Have you heard of milk punch? I had no idea what it was until I came across a New York Times article about Milk Punch making a comeback. Milk Punch is common in New Orleans, and was tradition on holidays throughout the Deep South. Originally it was served heated, but now its a cold beverage that is milk-based with brandy or bourbon.
Typically it consists of milk, brandy (or bourbon), sugar, vanilla extract and nutmeg sprinkled on top. I was excited when I came across a recipe for Milk Punch on Smitten Kitchen’s blog and had to share.
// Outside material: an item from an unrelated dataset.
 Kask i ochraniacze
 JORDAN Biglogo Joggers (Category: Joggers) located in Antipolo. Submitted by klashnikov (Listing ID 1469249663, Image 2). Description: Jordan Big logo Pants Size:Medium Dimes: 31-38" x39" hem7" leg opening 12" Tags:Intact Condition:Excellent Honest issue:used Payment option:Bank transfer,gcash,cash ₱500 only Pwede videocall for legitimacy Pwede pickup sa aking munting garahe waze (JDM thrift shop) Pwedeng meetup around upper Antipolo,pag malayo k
This recipe is the perfect idea for a summer cocktail or signature wedding drink!
Enjoy! 🙂
Milk Punch
Photo & recipe courtesy of Smitten Kitchen.
Ingredients
- 5 cups of a mixture of whole milk and half-and-half {Deb notes 4:1 is suggested, but she said she might go with 3:2 next time}
- 1 1/2 cups bourbon, whiskey or brandy
- 1 cup powdered sugar, sifted
- 1 tablespoon vanilla extract
- Freshly grated nutmeg, for garnish
Directions
- In a pitcher, whisk together milk, half-and-half, bourbon, sugar and vanilla. Freeze until slushy, which will take 3 to 4 hours, but you can leave it in there up to a day. Stir before serving it in chilled glasses, finished with a few gratings of fresh nutmeg.